Regulating Reward Training by Means of Certainty Prediction in a Neural Network-Implemented Pong Game
Matt Oberdorfer, Matt Abuzalaf

TL;DR
This paper introduces a reinforcement learning model for Pong that uses a neural network to predict the certainty of its actions, leading to improved performance over traditional methods.
Contribution
It presents a novel reinforcement learning approach that incorporates a certainty prediction neural network to enhance reward-based training in a Pong game.
Findings
The certainty-based model outperforms the simple architecture in gameplay.
The model surpasses a near-perfect opponent after additional training.

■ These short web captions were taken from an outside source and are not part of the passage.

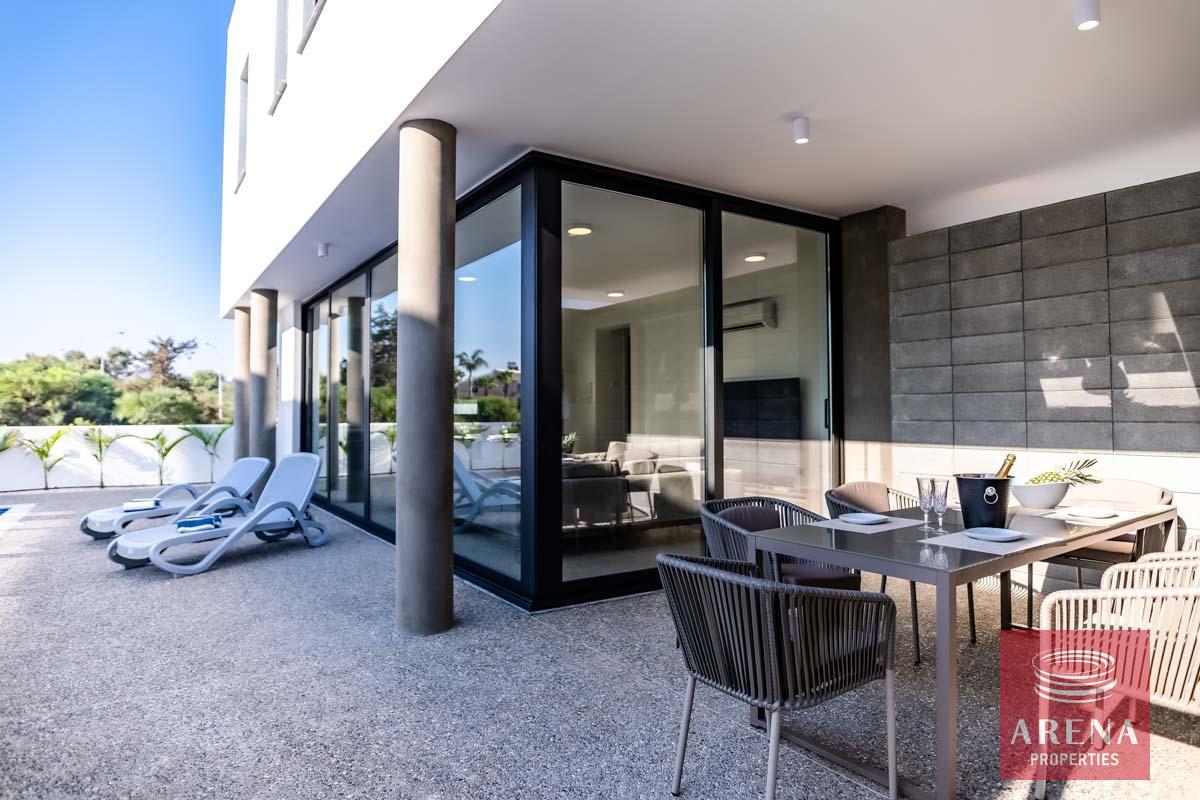 2-3-bed-villa-in-pernera-8111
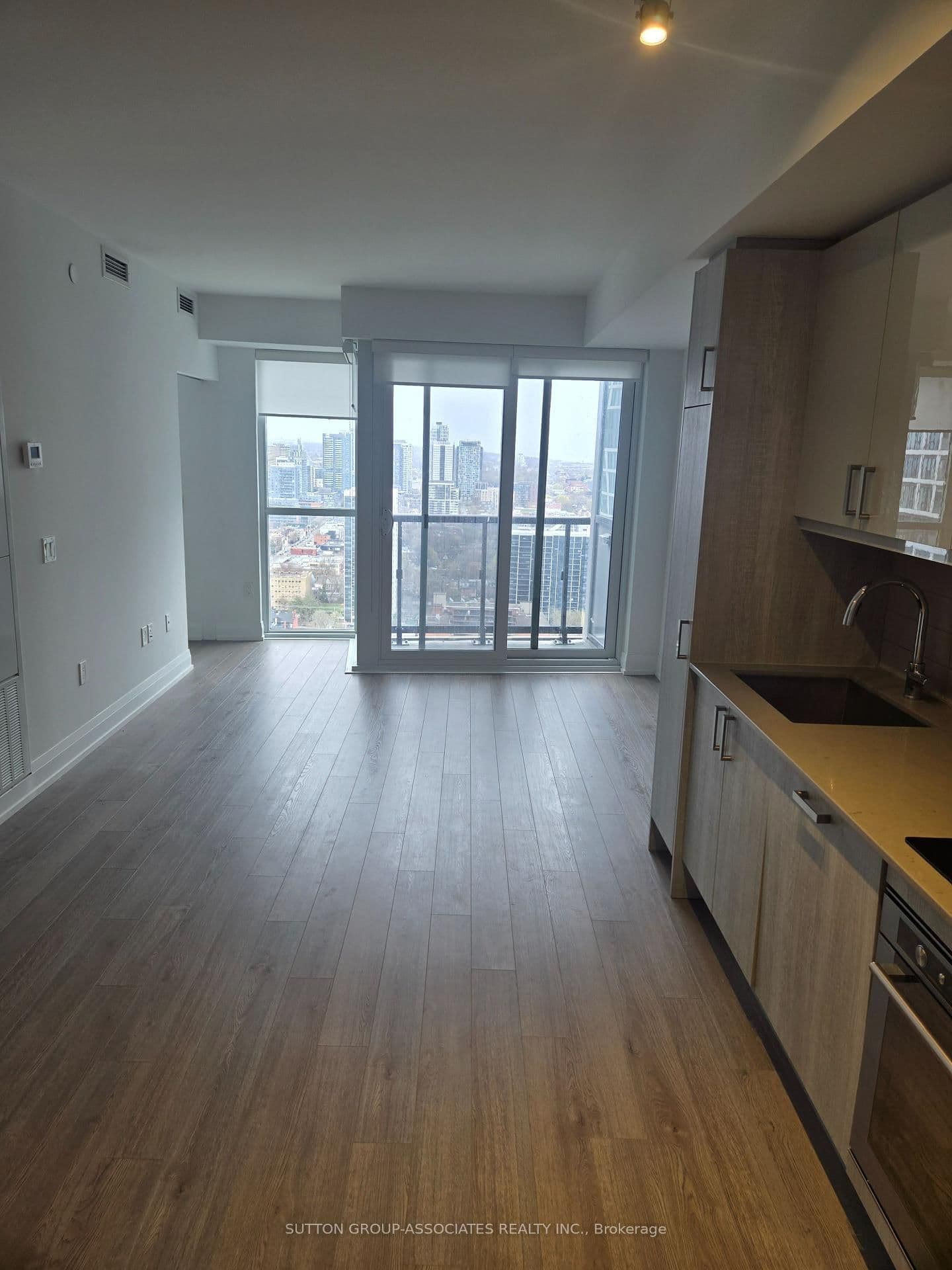 77 Mutual Street, Unit 3001 - Image 4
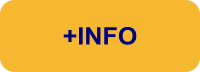 +INFO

Certainty prediction improves reinforcement learning efficiency.
Abstract
We present the first reinforcement-learning model to self-improve its reward-modulated training implemented through a continuously improving "intuition" neural network. An agent was trained how to play the arcade video game Pong with two reward-based alternatives, one where the paddle was placed randomly during training, and a second where the paddle was simultaneously trained on three additional neural networks such that it could develop a sense of "certainty" as to how probable its own predicted paddle position will be to return the ball. If the agent was less than 95% certain to return the ball, the policy used an intuition neural network to place the paddle. We trained both architectures for an equivalent number of epochs and tested learning performance by letting the trained programs play against a near-perfect opponent. Through this, we found that the reinforcement learning model…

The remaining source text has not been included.